Сентябрь и впрямь захотелось убежать и спрятаться, но она не могла оставить своего алого чешуйчатокрылого друга. К тому же, несмотря на то что с иерархией получилось так удачно, про десятину она ничего не поняла. Так Сентябрь и стояла с открытым ртом, когда паром, вздымая брызги, вдруг замер посреди ревущей реки.
– Говорил же я тебе, но у тебя в одно ухо влетает, в другое вылетает, – вздохнул паромщик и оставил свой шест, чтобы поприветствовать шестерых высоких мужчин, которые по-пиратски карабкались по канатам и запрыгивали на палубу.
Все они были одеты лишь в серебряные перчатки с крагами и ножные латы, и у каждого вместо человеческой головы красовалась черная лошадиная.
Главарь с большим кольцом в носу, как у быка, произнес глубоким, раскатистым голосом:
– Чарли Хрустикраб, глаштины пришли требовать свою десятину по Закону и Праву Рыночной торговли!
– Да слышу, старая ты кляча, – проворчал паромщик, – небось не глухой. Получил еще утром повестку и все прочее. Не надо уж так официально.
Волшебный народ собрался на верхней палубе, дрожа и прижимаясь друг к другу в молчаливом ужасе. Все уставились себе под ноги, лишь бы не смотреть в глаза людям с лошадиными головами. Сентябрь разглядела в толпе Аэла, который качал огромной головой и тщетно пытался притвориться совсем невидимым.
– Детей вперед! – заревел один из пришельцев.
Грубые руки схватили Сентябрь, потащили и выстроили вместе с десятками других малышей прямо перед глаштинами, чьи глаза сверкали голубым и зеленым огнем. Сентябрь тоже опустила глаза и увидела рядом дрожащую малышку-оборотня. От страха на ее голове то появлялись, то исчезали шакальи уши. Сентябрь взяла девочку за руку и легонько стиснула.
– Не меня, – шептала девочка, – пожалуйста, только не меня.

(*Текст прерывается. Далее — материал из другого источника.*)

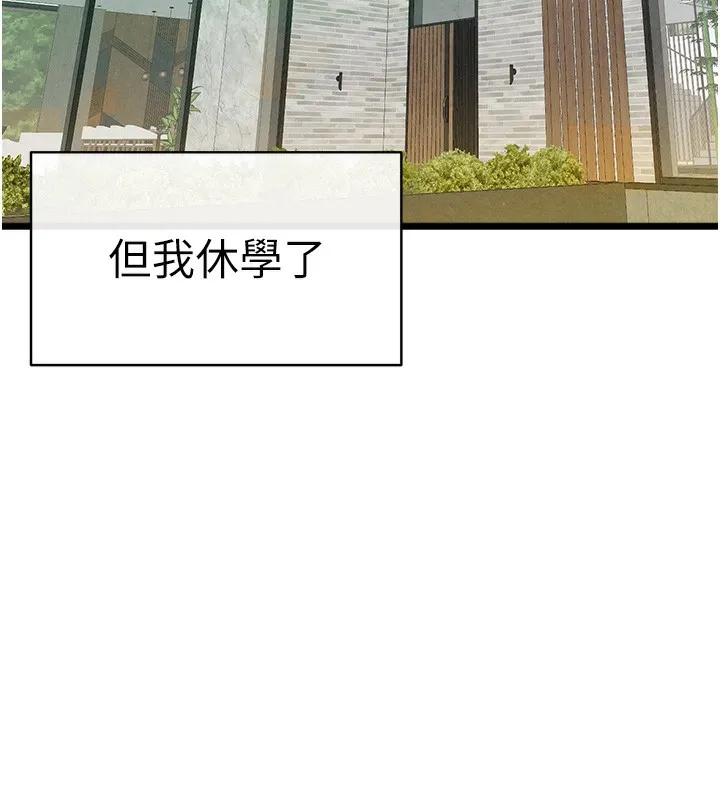 初次深交，请多指教 - 最終話-餘生也請多多指教 - page 6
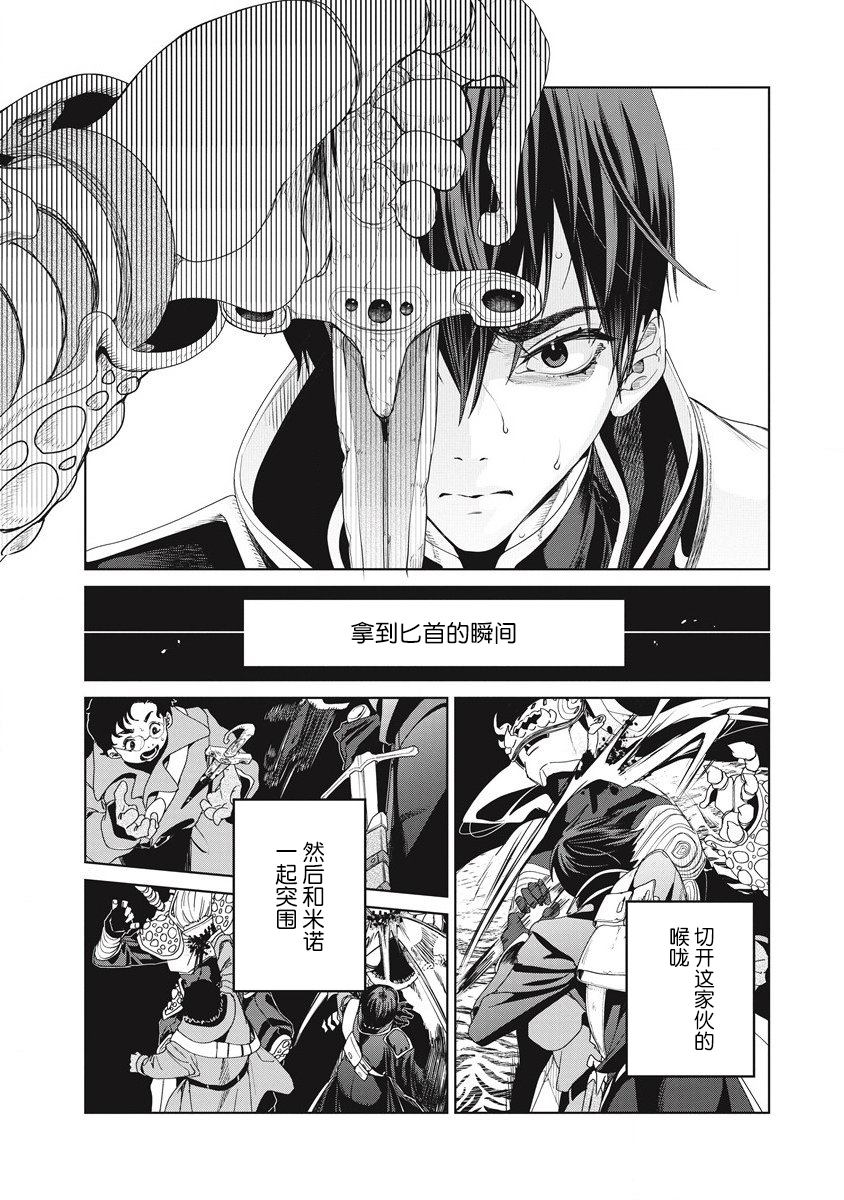 《伟人转生-五国大战》漫画最新章节第2话 敌地黥国免费下拉式在线观看章节第【33】张图片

Глаштины ходили вдоль строя, заглядывая каждому ребенку в глаза. Предводитель внимательно посмотрел на Сентябрь и даже приподнял ее подбородок, чтобы проверить зубы, но все же отправился дальше. Мужчины с лошадиными головами посовещались.
– Эта! – воскликнул предводитель, и вздох облегчения пронесся по толпе. У Сентябрь перехватило дыхание: она была уверена, что он показывал прямо на нее.
Но он показывал не на нее.
Малышка-оборотень завизжала в безудержном животном страхе. Она обернулась шакалом и, карабкаясь по ногам и спине Сентябрь, забралась к ней на плечи и ухватилась хвостом за шею.
– Нет, нет! – плакала она, крепко прижимаясь к Сентябрь.
– Что происходит? – едва не задохнулась Сентябрь, сгибаясь под тяжестью девочки-шакала.
– Она – десятина, и ничего с этим не поделаешь, – сказал паромщик Чарли Хрустикраб. – Пора бы уже повзрослеть и вести себя достойно. Паром проходит через территорию глаштинов. Они имеют право взимать плату. Никто не знает, в какой день они придут и кого выберут, но вам же всем надо в город, верно?
– Нет! Не я! Не забирайте меня! Мамочка, пожалуйста! Где моя мама?
Сентябрь увидела ее маму: черный шакал с золотыми ушами лежал на боку около одного из шезлонгов, в ужасе закрыв морду лапами.